Along with Chief Financial Officer Jimmy Patronis and Attorney General Ashley Moody, DeSantis stood by silently as an invited speaker claimed that COVID-19 vaccines changed genetics.
Darris Friend, an employee at Gainesville Regional Utilities, defended refusing a vaccine on those grounds.
“The vaccine changes your RNA, so for me, that’s a problem,” Friend said.
Friend was trafficking in vaccine misinformation. As the Centers for Disease Control and Prevention makes clear, vaccines do not change an individuals’ core genetic material because they do not interact with the nucleus of body cells.
None of the public officials corrected the remarks, preferring instead to advance on-topic crowd-pleasing soundbites when they spoke in support of DeSantis and the proposal.
The Governor went on in Doral to distance himself from Friend’s vaccine skepticism.
He said the “data is very clear” that vaccines prevent hospitalizations. DeSantis went on to defend the vaccine’s efficacy further, before saying that some refusing the vaccine may be making the wrong decision.
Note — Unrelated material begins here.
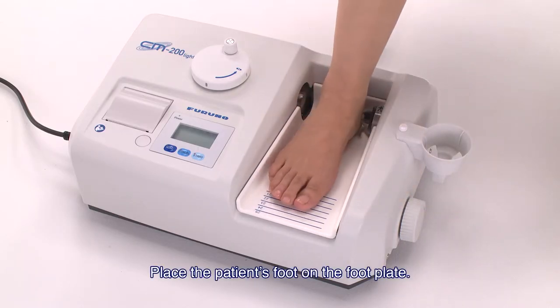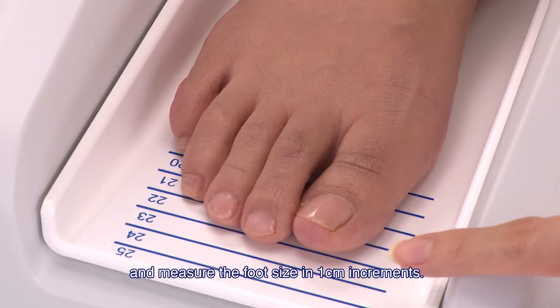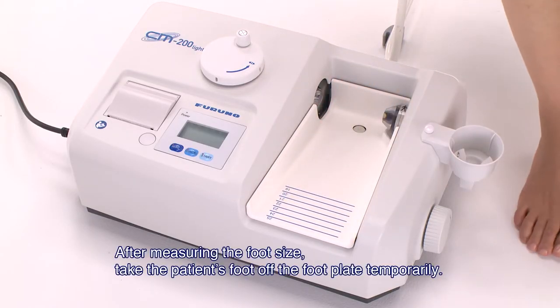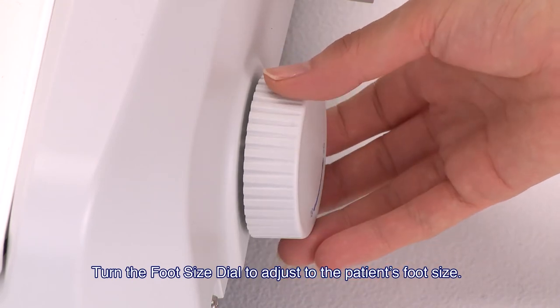Place the patient's foot on the footplate. Set the patient's heel to the rear of the footplate and measure the foot size in 1 cm increments. After measuring the foot size, take the patient's foot off the footplate temporarily.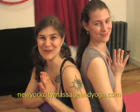And there you have it. Thank you for doing the twist with us and being a part of this series. See you next time. Visit NewYorkCityMassagingYoga.com — Namaste.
“There are some of those folks who may make a decision that’s ultimately not the right decision for them,” DeSantis said. “There are some people who are hospitalized who probably would not have been had they done that.
“I just don’t think that decision should be used to cast aside people who have served their community for years and years and years,” DeSantis said. “My view is you stand by the folks that have stood by us. Not every decision they make would be the same decision I would make.”
DeSantis may not have thrown Friend under the bus. But in terms of the realities of the national political ambitions that drive this Governor, that gentle, circuitous, day-late-and-a-dollar-short rebuke was about the best that could be hoped for.
Meanwhile, the disavowal of the speaker’s claim is on trend for DeSantis. The Governor has gone so far as to distance himself from responsibility for his own Twitter account when pressed on statements.
In January 2020, he tweeted that “voting is a privilege,” but told Florida Politics that he didn’t actually make the statement.
“It’s kind of a word salad. It’s not necessarily how I talk,” DeSantis said at the time.
The sole Cabinet member not on hand for Monday’s false claim again called on the Governor to more firmly repudiate Friend’s statement.
“It seems like every day our Governor spreads some new dangerous conspiracy theory about COVID-19. The COVID vaccines do not change your RNA, and it is deeply irresponsible for DeSantis to use his platform to elevate the false notion that they do. It is extremely concerning that he continues to spread disinformation and ignore the advice of doctors and scientists. This is completely unacceptable behavior from someone who is supposed to be leading our state out of this pandemic, and he should correct the record immediately,” asserted Agriculture Commissioner Nikki Fried.